Em relação às últimas pesquisas eleitorais, Serra subiu e Dilma caiu em intenções de votos, mas não o suficiente para que a petista perdesse a chance de vencer em primeiro turno. A surpresa não esteve nos dois primeiros colocados, mas em Marina, que conseguiu se impor, do alto de seus quase 20% de votos, como uma alternativa à tendência plebiscitária dos últimos pleitos brasileiros.
Mas não há uma única explicação para um fato político. Marina subiu por várias razões. Nas últimas semanas, foi flagrante a campanha que setores da Igreja Católica e da Igreja Evangélica contra a candidata petista, acusada de defender a descriminalização do aborto. Esse tipo de voto naturalmente tenderia a Marina, que é convictamente contrária ao aborto, ao casamento entre pessoas do mesmo sexo e à adoção de filhos por casais homossexuais. A candidata do PV veio das bases da Igreja Católica, tornou-se evangélica e mantém posições consoantes com sua definição religiosa.
Dilma também pagou o preço das sucessivas denúncias de que sua sucessora na Casa Civil, Erenice Guerra, foi alvo - certamente esses fatos abalaram mais a sua folgada maioria do que as denúncias feitas por Serra de que a campanha da candidata teria quebrado o sigilo bancário de familiares seus e outros tucanos a ele ligados. O ganho do PSDB com esses fatos, no entanto, foi apenas marginal. A maior beneficiada foi mesmo a candidata do PV. Alguns fatos explicam isso. A agressividade da campanha de Serra, na reta final, foi alta o suficiente para aumentar o índice de rejeição do candidato. Ele bateu; Marina levou os votos.
Os dois candidatos que disputarão o segundo turno da eleição presidencial cometeram erros de avaliação e cálculo, e certamente os resultados finais levam ao reconhecimento das falhas de cada um na comunicação com o eleitor. O erro de Dilma foi a excessiva confiança na vitória, senão dela própria, mas da coligação que a apoiou. Somente um descolamento da militância é capaz de justificar o fato de o quartel-general petista não ter percebido a reviravolta que acontecia nas bases, com a ajuda dos movimentos religiosos antiaborto. Houve uma desatenção em relação ao potencial de crescimento de Marina e a segurança de que o "efeito tefal" - o entendimento de que nenhuma denúncia pega no presidente Luiz Inácio Lula da Silva - se estende automaticamente à sua candidata. As denúncias contra a ex-ministra Erenice Guerra, pela proximidade dela a Dilma, foram um complicador relevante.

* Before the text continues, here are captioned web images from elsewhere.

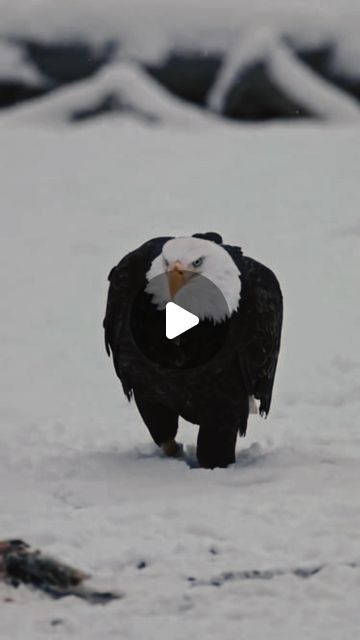 Eagle Quotes, Eagles Quotes, Motivational Inspiration, Ancient Knowledge, Memorable Quotes, Bible Teachings, The Eagle, Success Mindset, Motivational Videos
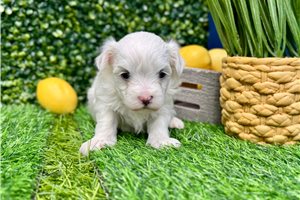 Kenneth - Maltese for sale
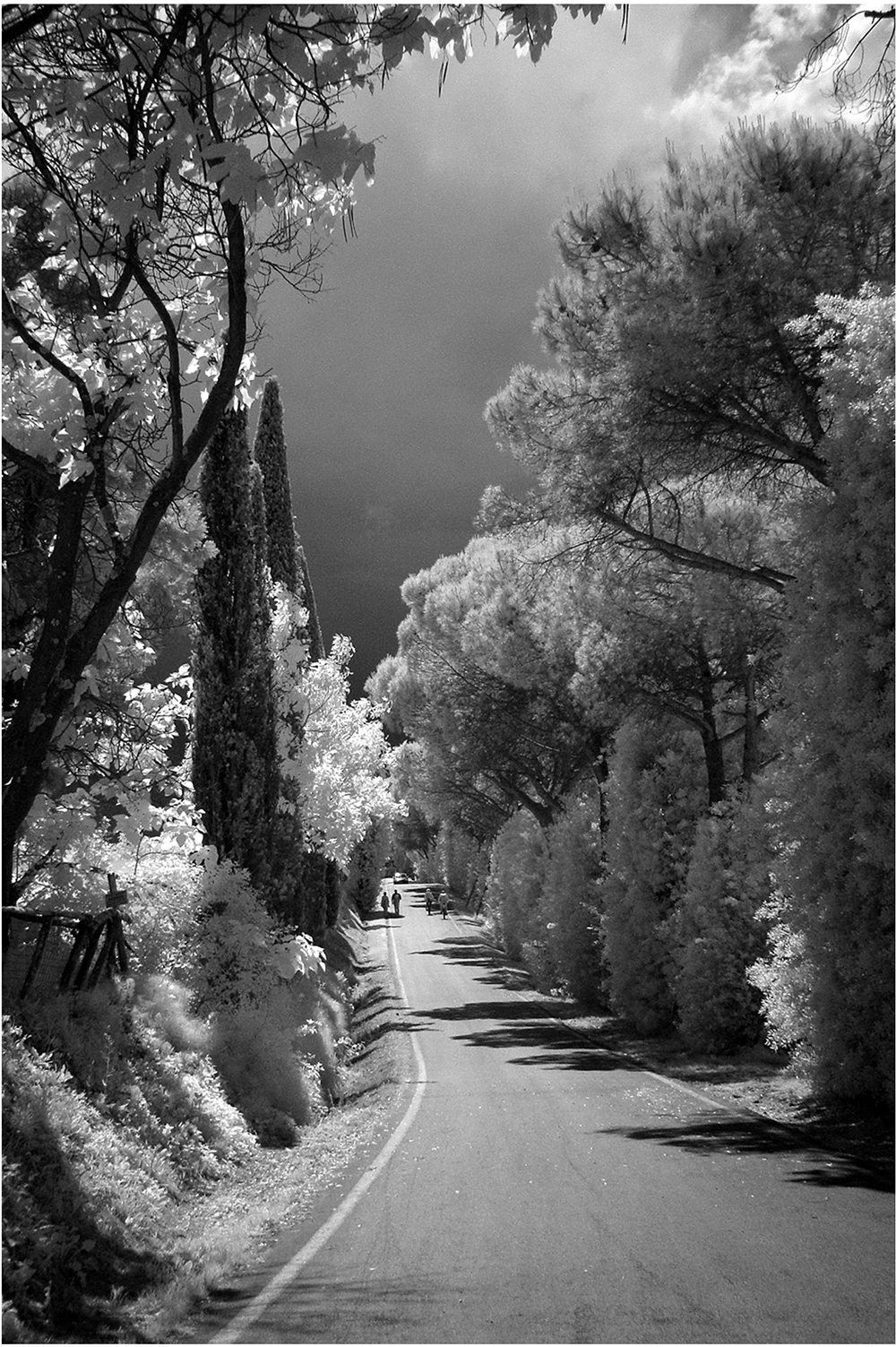 Infrarosso in padule.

Da parte da campanha de Serra, parece prevalecer o reconhecimento tardio de que o estilo agressivo e permanentemente acusatório, que retirou da sua campanha as discussões programáticas, surtiram efeito contrário ao planejado. Serra chegou a bater índices de rejeição astronômicos. Não foi a estratégia de campanha do tucano que o levou para o segundo turno, mas o crescimento da candidata do PV. O voluntarismo também não ajudou o tucano, que afastou aliados políticos de um envolvimento mais direto com a campanha. Agora, Serra tem a chance de tentar um trabalho de agregação de aliados eleitos no primeiro turno. Para isso, terá de abrir espaço para os políticos em sua campanha e rever alguns de seus conceitos. Um deles, o da não exposição do ex-presidente Fernando Henrique Cardoso em sua campanha. No primeiro turno, FHC foi escondido. Apareceu no horário eleitoral só na campanha de Aloysio Nunes para o Senado. Aloysio se elegeu com votação surpreendente. Pode ser um sinal de que, em São Paulo, o ex-presidente é bom eleitor.